Jim Burton ( ) posted Thu, 20 June 2002 at 9:06 AM

Incidently, Jims rule of thum is never replace your computer until you can by a non-top-of-the-line CPU that is twice as fast as the old, as you can see from this list I've pretty much followed that on my PCs: 10 Mhz 286 20 Mhz 386 33 Mhz 486 66 Mhz 486 133 Mhz 486 200 Mhz Pentium II 500 Mhz Pentium III 1.1 Ghz AMD Thunderbird (never actually used) 1.4 Ghz AMD Thunderbird Next one will probable be a 2.8 Ghz or so Pentium IV. (As soon as it is invented!)


ronknights ( ) posted Thu, 20 June 2002 at 9:32 AM

On the other hand, Windows XP works just fine on my "home-brew" Intel Celeron 533 mhz computer. It's maybe 3 years old. Well parts of it are maybe 2 years old.

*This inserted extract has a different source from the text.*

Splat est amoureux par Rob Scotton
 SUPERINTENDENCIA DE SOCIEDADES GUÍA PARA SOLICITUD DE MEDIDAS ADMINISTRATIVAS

Little_Dragon ( ) posted Thu, 20 June 2002 at 4:28 PM

Next one will probable be a 2.8 Ghz or so Pentium IV. (As soon as it is invented!)

Should be available by Christmas. Perhaps sooner, if AMD continues to pressure Intel.

I use a similar rule-of-thumb, Jim! I progressed from 33 MHz --> 120 MHz --> 200 MHz --> 400 MHz --> 850 MHz. Given current pricing, my next upgrade will probably be 1.7-1.8 GHz.



quixote ( ) posted Thu, 20 June 2002 at 4:52 PM

My rule of thumb, or perhaps superstition: The amount of Ram should match the CPU speed. My comps. seem to be more efficient that way.